Die biblische Genesis mag für mancherlei Verwirrung sorgen, aber eines zeigt sie deutlich: Unmittelbar nach der Erschaffung von Himmel und Erde knipste Gott das Licht an. Licht dürfte also irgendwie wichtig sein, auch für atheistische Weihnachtsbäume. Und für Glühwürmchen …

Dort, wo es Glühwürmchen gibt, da ist die Natur noch in Ordnung. Sagt man. Streng genommen handelt es sich dabei gar nicht um Würmchen, sondern um nachtaktive Käfer, die man in lauen Sommernächten dabei beobachten kann, wie sie um ihr Leben leuchten. Und das tun sie nicht nur sprichwörtlich, sondern ganz im Ernst, denn Glühwürmchen haben ein Problem: 

Die meiste Zeit ihres Lebens verbringen sie als Larve und wissen noch nichts davon. Drei Jahre fressen, fressen und nochmals fressen. Irgendwann werden dann aus den Larven leuchtende Würmchen und ein neuer, sehr kurzer Lebensabschnitt beginnt. Dann wird nicht mehr gefressen, sondern geleuchtet. Das Leuchten entsteht durch eine biochemische Reaktion, die jede Glühbirne vor Neid zerbersten ließe: 98 Prozent der frei werdenden Energie wird in Licht umgewandelt – bei einer herkömmlichen Glühbirne sind es gerade mal fünf Prozent, der Rest ist Abwärme. Man könnte also sagen: Glühwürmchen sind die Götter der Energieeffizienz.
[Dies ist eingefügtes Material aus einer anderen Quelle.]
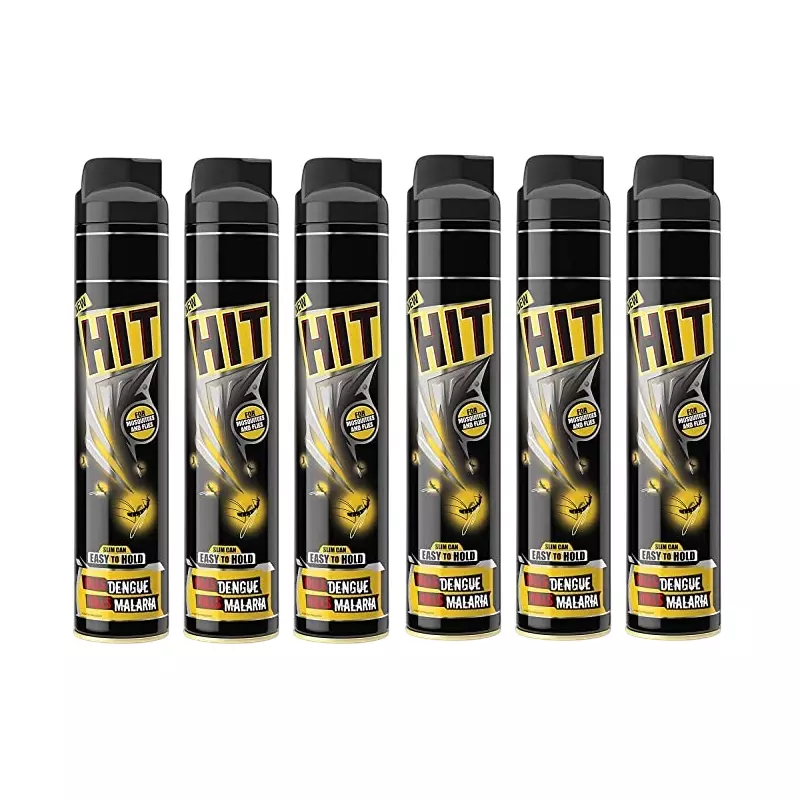 Hit Mosquito & Fly Killer Spray 400 ml (Pack of 6)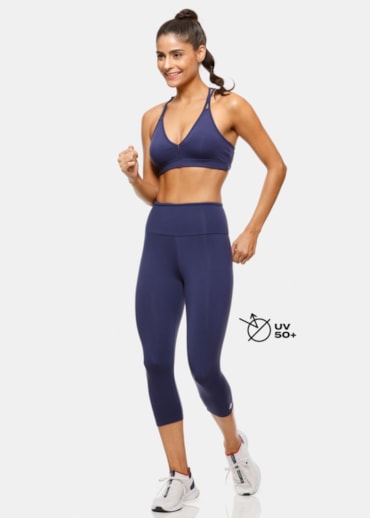 LEGGING CAPRI LISA AZUL MARINHO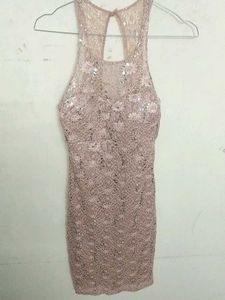 Sparkly Pink Mini Dress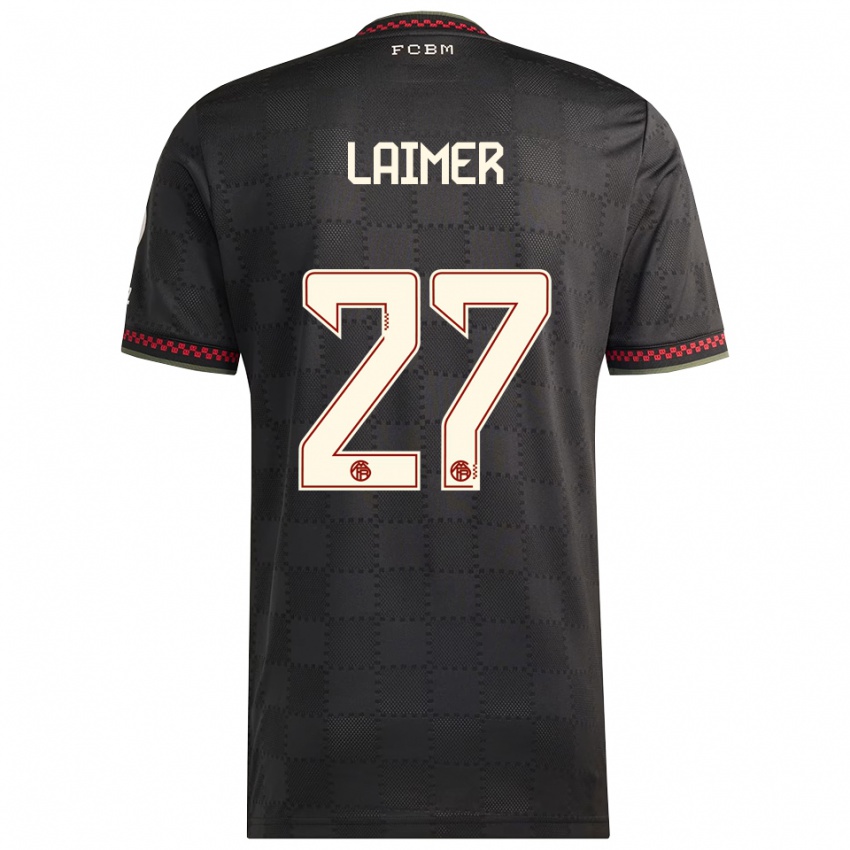 ילדים קונרד ליימר #27 שחור לבן ג'רזי קיט שלישי 2025/26 חולצה קצרה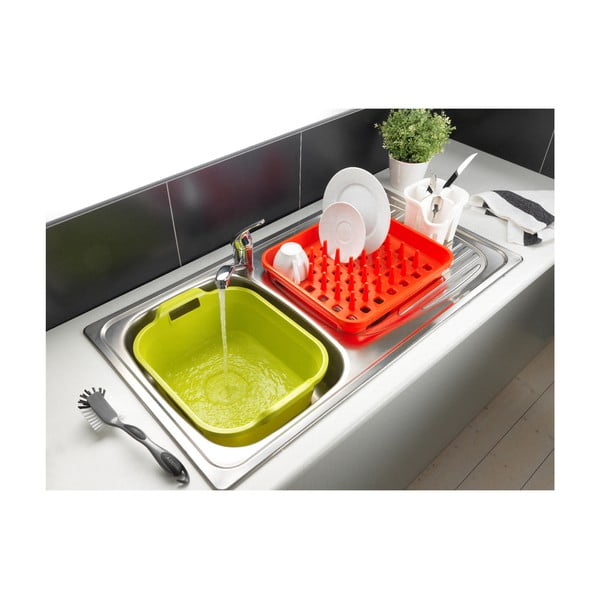 Valge plastikust söögiriistade kuivati ​​14x14 cm Signature – Addis-image-1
Geleuchtet wird allerdings nicht nur zum Spaß. Na ja, irgendwie schon: Die in krautiger Vegetation sitzenden und paarungsbereiten Weibchen leuchten, um die Männchen anzulocken. Die wiederum schwirren in wilden Suchflügen umher, um eine glühende Partnerin zu finden. Das allerdings wird immer schwieriger, weshalb die Glühwürmchen heute auf der Roten Liste der gefährdeten Tierarten stehen. Zum einen liegt das an der Intensivlandwirtschaft, die vielen Insekten zu schaffen macht, zum anderen aber am Licht, genauer gesagt an unserem künstlichen Licht und der massiven Lichtverschmutzung. Hell erleuchtete Stadtparks tragen nicht unbedingt zum Aufblühen der Glühwürmchenpopulation bei. Die Weibchen zeigen sich vom vielen Licht zwar unbeeindruckt, die Männchen allerdings scheuen das grelle und künstliche Licht und so finden Männchen und Weibchen nicht mehr zusammen. Unter einer flutlichtbeleuchteten Trauerweide wartet die Leuchtkäferfrau vergebens auf einen potenziellen Partner und stirbt ohne Nachkommen: »Und er sprach, es werde Licht, doch Männchen fand das Weibchen nicht.«

Natürliche Rhythmen und wie es mal gedacht war

Für unglaublich lange Zeit war der Mensch an die Rhythmen der Natur und die damit verbundene Verfügbarkeit von frischem Wasser, Nahrung, Wärme und Licht gebunden. Licht auf Knopfdruck ist evolutionär gesehen noch brutal frisch. Unser Verstand findet es super – der Rest unseres Körpers hängt da etwas hinterher und kann nur wenig damit anfangen.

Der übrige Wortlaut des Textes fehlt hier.